For some while now, Inside Time has included a page in each issue dedicated to reporting an overview of the recent reports published by HM Chief Inspector of Prisons. However, it is only in the last couple of weeks that I noticed something curious about the statistics which were printed.

When I looked at the breakdown for the inspection of HMP Coldingley (published in the September 2013 issue) I saw that 71% of prisoners there felt that staff treated them with respect, whilst 31% felt that staff victimised them. But with that coming to a total of 102% there were only two possible explanations. Either 2% of prisoners felt both respected and victimised at the same time, which I thought was very unlikely, or the published statistics were wrong for some reason.

After looking at details of other establishment inspections in future issues, I found that the combined percentage total of prisoners who felt respected and prisoners who felt victimised came to over one hundred in approximately six out of ten inspections. That is far too many to be merely a printing error on the part of Inside Time.

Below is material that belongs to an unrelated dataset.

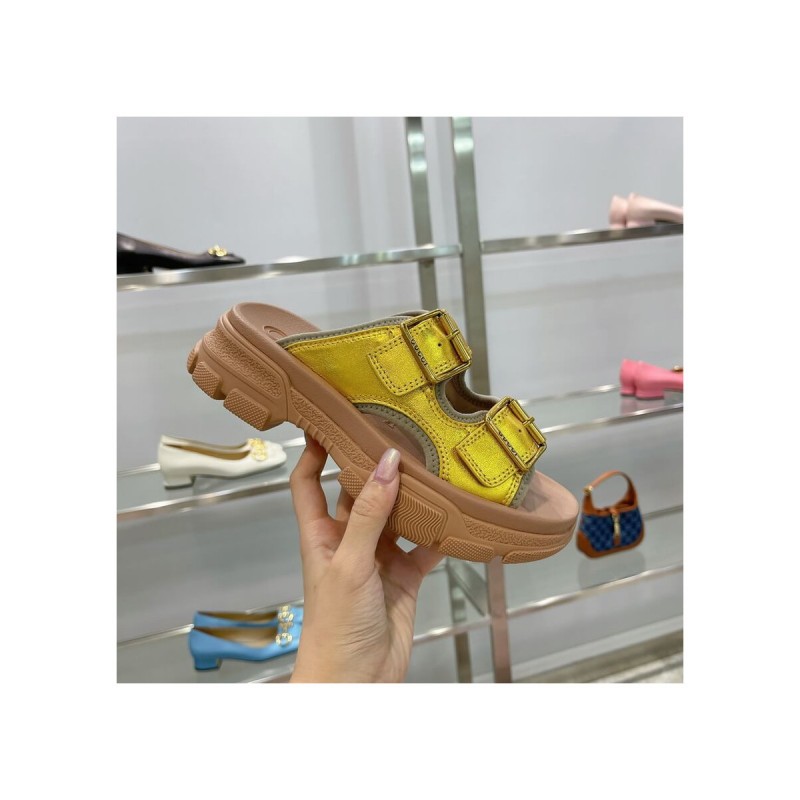 Gucci Aguru Platform Slide Sandal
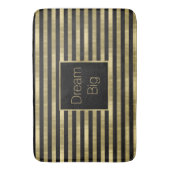 Chic Gold en Black Stripes Dream Big Specialized Badmat (Voorkant Verticaal)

I then decided to dig a little deeper. I focused on closed, adult, male prisons since open prisons, female prisons, juvenile establishments, and immigration removal centres are all outlying anomalies, and I compiled all of the statistics for such prisons reported in Inside Time in 2014. I found that, on average, 73% of prisoners felt staff treated them with respect, whilst 33% of prisoners felt that they had been victimised by staff, throwing up an average discrepancy of 6%!

And then I remembered something. Some months ago here at HMP Wakefield, the Governor published a notice to prisoners to publicise the pleasing news that the inspectors had found that 85% of prisoners felt that staff treated them with respect here. What he didn’t mention was how many prisoners felt victimised and, as luck would have it, Inside Time published this figure in December 2014, the final month I had used for my statistical analysis. So I looked it up.

85% of prisoners did indeed feel respected, but a total of 52% of prisoners felt victimised by staff too! After looking at as many back copies of Inside Time as I could get hold of, I found that HMP Wakefield had the highest such rating of victimisation of any establishment, of any type, reported on since September 2013 (and possibly beyond). Furthermore, with a combined percentage total of 137%, it also had the highest level of statistical discrepancy at 37% above what one would expect and 31% over the average discrepancy for like prisons during the same year.

It is impossible to say for sure what the basis of such a discrepancy is without interviewing the prisoners used as the sample group, but 85% of people saying they feel respected pales into insignificance for me if over half of the general population also report being victimised and I have to wonder why the inspectorate has not commented on this inconsistency. Unless of course they believe that at least 37% of prisoners here at Wakefield are victimised respectfully.